■ WORK INSTRUCTION: Could you please retype the records exactly, minus their pictures?

■ Data extracted from a collection:
BEGIN
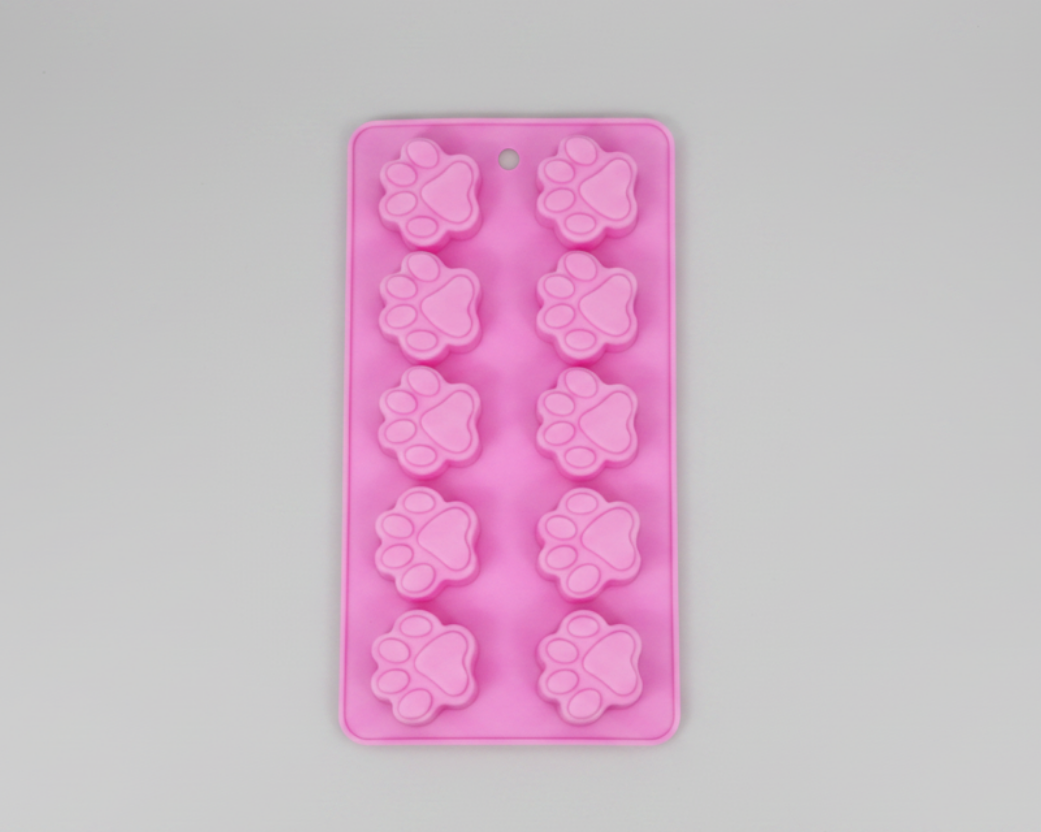Pink silicone pet treat mold with paw print cavity shapes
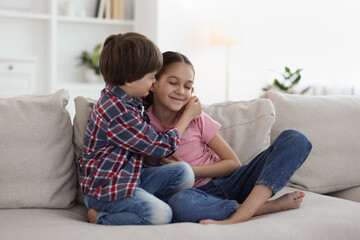 Poster - Happy brother and sister spending time together on sofa at home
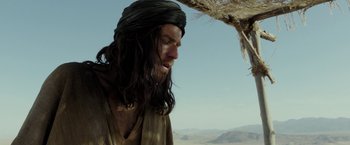 Movie still from “Last Days in the Desert” (2015), directed by Rodrigo García – A man with long black hair and a black beard; Close Up shot, Low angle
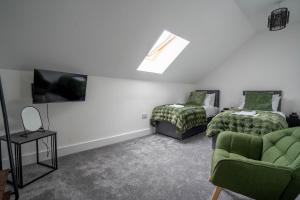 Una sala de estar con un sofá, una cama y un televisor. en Rookery Park Barns 6, en Carlton Colville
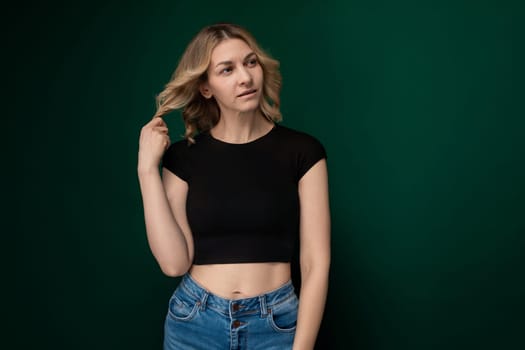 A young woman wearing a black crop top strikes a pose for a photograph, showcasing confidence and style. Her body language exudes self-assuredness as she flaunts her outfit.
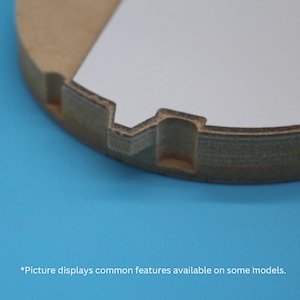 May include: Close-up of a round, light brown wooden object with a white insert. The object has a notched edge and a rectangular cutout. The background is a solid blue. Text at the bottom reads, "Picture displays common features available on some models."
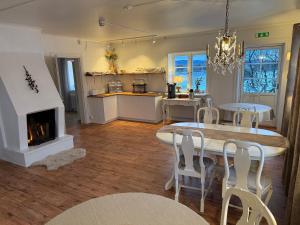 a kitchen and dining room with a table and a fireplace at Bollnäs bed and breakfast in Bollnäs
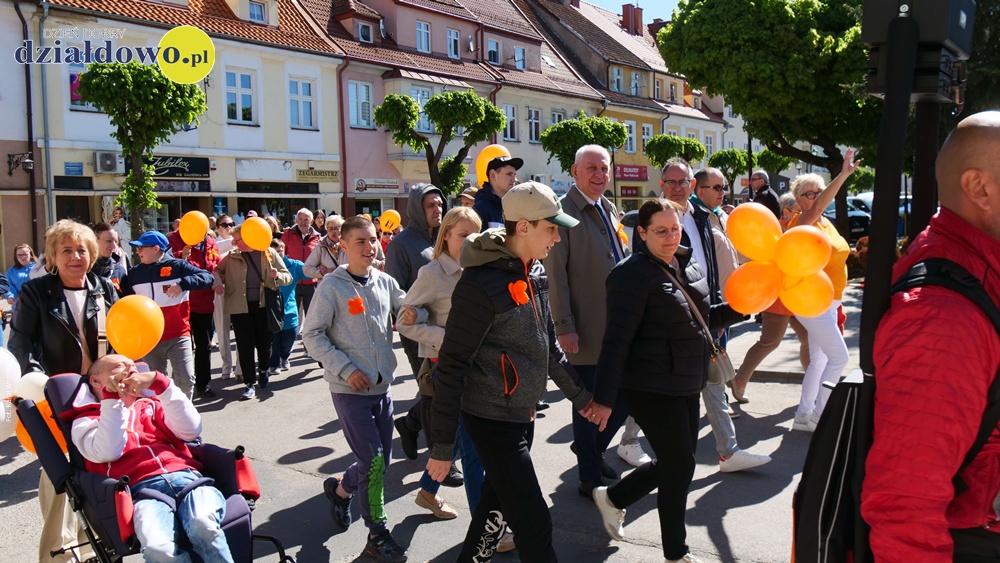 Marsz Godności osób niepełnosprawnych i piknik integracyjny widać osoby idące ulicami w Marszu Godności w Działdowie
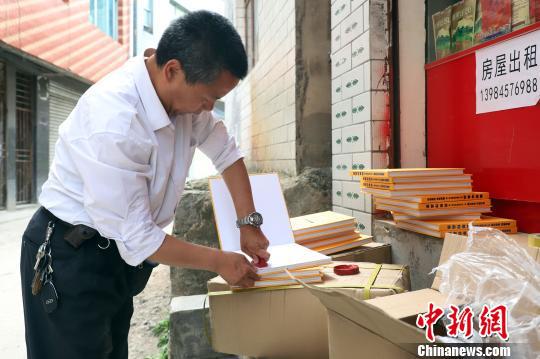 图为余太湖在书上盖团队的捐赠章。瞿宏伦摄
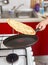 Woman flipping pancake in the pan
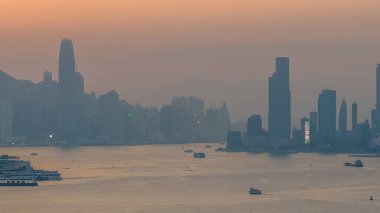 Hong Kong limanı ve ufuk çizgisi üzerinde sıcak gün batımı ışığı 4 Ocak 2026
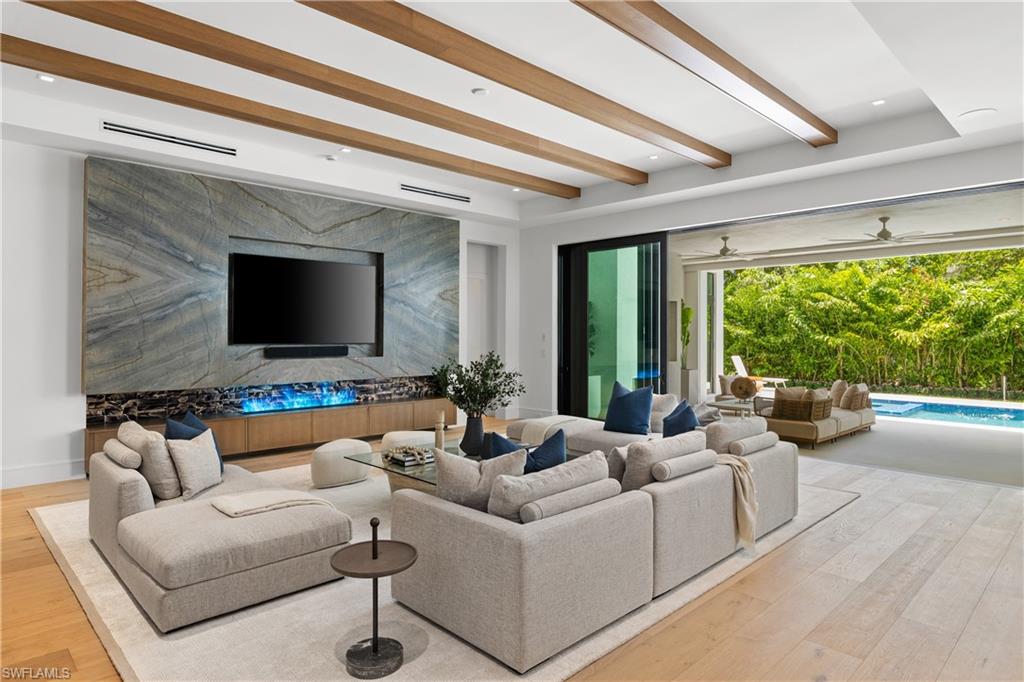 850 10th Street North Naples, FL 34102 - Photo 7 of 50 The showpiece great room is anchored by an Ocean Blue quartzite feature wall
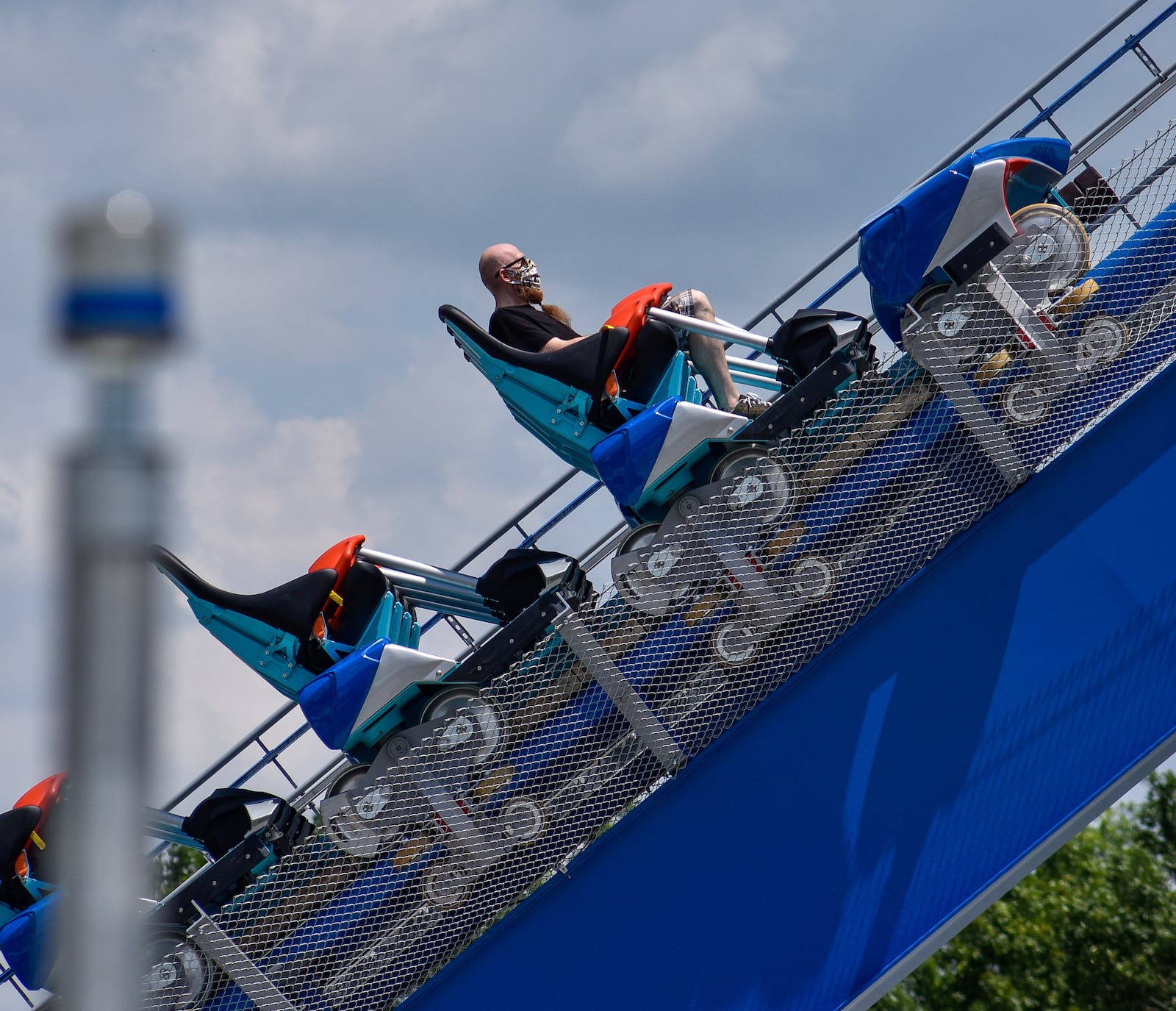 Coaster enthusiast Jared Ream rides the new Orion giga coaster on July 1 at Kings Island in Mason. Ream lost 190 pounds, motivated by his desire to ride this coaster. NICK GRAHAM/STAFF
END
■ OUTPUT FOR THIS TASK:
Pink silicone pet treat mold with paw print cavity shapes
 Poster - Happy brother and sister spending time together on sofa at home
 Movie still from “Last Days in the Desert” (2015), directed by Rodrigo García – A man with long black hair and a black beard; Close Up shot, Low angle
 Una sala de estar con un sofá, una cama y un televisor. en Rookery Park Barns 6, en Carlton Colville
 A young woman wearing a black crop top strikes a pose for a photograph, showcasing confidence and style. Her body language exudes self-assuredness as she flaunts her outfit.
 May include: Close-up of a round, light brown wooden object with a white insert. The object has a notched edge and a rectangular cutout. The background is a solid blue. Text at the bottom reads, "Picture displays common features available on some models."
 a kitchen and dining room with a table and a fireplace at Bollnäs bed and breakfast in Bollnäs
 Marsz Godności osób niepełnosprawnych i piknik integracyjny widać osoby idące ulicami w Marszu Godności w Działdowie
 图为余太湖在书上盖团队的捐赠章。瞿宏伦摄
 Woman flipping pancake in the pan
 Hong Kong limanı ve ufuk çizgisi üzerinde sıcak gün batımı ışığı 4 Ocak 2026
 850 10th Street North Naples, FL 34102 - Photo 7 of 50 The showpiece great room is anchored by an Ocean Blue quartzite feature wall
 Coaster enthusiast Jared Ream rides the new Orion giga coaster on July 1 at Kings Island in Mason. Ream lost 190 pounds, motivated by his desire to ride this coaster. NICK GRAHAM/STAFF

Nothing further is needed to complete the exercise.